_Prompt:_
Pull out of the data below the stretch of lines bounded by the one containing "LD-9011C双杆主席" and the one containing "Carte Nueva Guia Escolar 3 Rtm", both bounds included, unchanged.

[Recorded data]
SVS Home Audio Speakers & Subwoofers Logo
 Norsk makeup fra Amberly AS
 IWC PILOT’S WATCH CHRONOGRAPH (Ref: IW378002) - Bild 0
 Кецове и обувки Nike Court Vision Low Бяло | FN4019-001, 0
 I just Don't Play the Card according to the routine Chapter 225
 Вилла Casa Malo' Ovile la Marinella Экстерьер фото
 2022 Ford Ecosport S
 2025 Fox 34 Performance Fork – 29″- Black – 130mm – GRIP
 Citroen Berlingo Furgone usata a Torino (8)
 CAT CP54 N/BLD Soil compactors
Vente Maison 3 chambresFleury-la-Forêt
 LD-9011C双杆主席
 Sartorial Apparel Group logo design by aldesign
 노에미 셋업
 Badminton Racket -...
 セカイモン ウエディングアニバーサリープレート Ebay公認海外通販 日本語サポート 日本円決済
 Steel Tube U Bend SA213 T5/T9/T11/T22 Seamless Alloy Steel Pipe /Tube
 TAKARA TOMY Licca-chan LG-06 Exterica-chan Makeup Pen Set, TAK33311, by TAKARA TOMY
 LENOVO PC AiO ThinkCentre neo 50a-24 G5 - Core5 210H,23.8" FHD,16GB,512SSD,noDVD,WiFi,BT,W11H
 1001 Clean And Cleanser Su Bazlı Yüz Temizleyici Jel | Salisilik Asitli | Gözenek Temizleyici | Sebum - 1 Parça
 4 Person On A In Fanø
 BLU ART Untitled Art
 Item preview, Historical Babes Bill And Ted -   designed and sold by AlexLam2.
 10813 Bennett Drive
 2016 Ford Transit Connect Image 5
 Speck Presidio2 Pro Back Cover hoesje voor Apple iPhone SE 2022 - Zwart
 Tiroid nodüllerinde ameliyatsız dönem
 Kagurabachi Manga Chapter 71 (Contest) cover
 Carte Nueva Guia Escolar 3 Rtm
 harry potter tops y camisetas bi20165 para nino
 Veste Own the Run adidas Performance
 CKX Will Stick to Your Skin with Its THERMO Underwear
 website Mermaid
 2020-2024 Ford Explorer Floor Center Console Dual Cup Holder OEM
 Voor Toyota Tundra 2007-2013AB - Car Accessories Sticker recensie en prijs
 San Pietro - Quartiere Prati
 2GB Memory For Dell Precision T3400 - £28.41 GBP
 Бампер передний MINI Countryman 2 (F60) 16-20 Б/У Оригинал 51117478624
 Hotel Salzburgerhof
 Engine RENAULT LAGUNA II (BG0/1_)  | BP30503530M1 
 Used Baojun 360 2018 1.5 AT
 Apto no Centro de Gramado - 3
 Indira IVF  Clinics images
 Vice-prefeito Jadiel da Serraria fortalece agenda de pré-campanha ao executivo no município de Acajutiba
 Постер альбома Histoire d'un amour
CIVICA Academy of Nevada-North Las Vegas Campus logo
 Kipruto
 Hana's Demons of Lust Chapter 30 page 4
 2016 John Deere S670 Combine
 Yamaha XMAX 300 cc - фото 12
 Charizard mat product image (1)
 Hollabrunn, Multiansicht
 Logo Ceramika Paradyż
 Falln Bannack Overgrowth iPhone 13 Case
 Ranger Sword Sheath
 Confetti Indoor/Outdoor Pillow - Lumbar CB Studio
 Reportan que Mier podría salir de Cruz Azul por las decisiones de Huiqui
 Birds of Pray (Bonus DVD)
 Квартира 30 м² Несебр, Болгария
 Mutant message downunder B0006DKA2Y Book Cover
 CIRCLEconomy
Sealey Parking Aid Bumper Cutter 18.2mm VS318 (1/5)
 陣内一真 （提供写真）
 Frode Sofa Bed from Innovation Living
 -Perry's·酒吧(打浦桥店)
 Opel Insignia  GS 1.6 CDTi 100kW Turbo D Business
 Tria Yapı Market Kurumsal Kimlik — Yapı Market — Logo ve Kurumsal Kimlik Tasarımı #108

_Written solution:_
 LD-9011C双杆主席
 Sartorial Apparel Group logo design by aldesign
 노에미 셋업
 Badminton Racket -...
 セカイモン ウエディングアニバーサリープレート Ebay公認海外通販 日本語サポート 日本円決済
 Steel Tube U Bend SA213 T5/T9/T11/T22 Seamless Alloy Steel Pipe /Tube
 TAKARA TOMY Licca-chan LG-06 Exterica-chan Makeup Pen Set, TAK33311, by TAKARA TOMY
 LENOVO PC AiO ThinkCentre neo 50a-24 G5 - Core5 210H,23.8" FHD,16GB,512SSD,noDVD,WiFi,BT,W11H
 1001 Clean And Cleanser Su Bazlı Yüz Temizleyici Jel | Salisilik Asitli | Gözenek Temizleyici | Sebum - 1 Parça
 4 Person On A In Fanø
 BLU ART Untitled Art
 Item preview, Historical Babes Bill And Ted -   designed and sold by AlexLam2.
 10813 Bennett Drive
 2016 Ford Transit Connect Image 5
 Speck Presidio2 Pro Back Cover hoesje voor Apple iPhone SE 2022 - Zwart
 Tiroid nodüllerinde ameliyatsız dönem
 Kagurabachi Manga Chapter 71 (Contest) cover
 Carte Nueva Guia Escolar 3 Rtm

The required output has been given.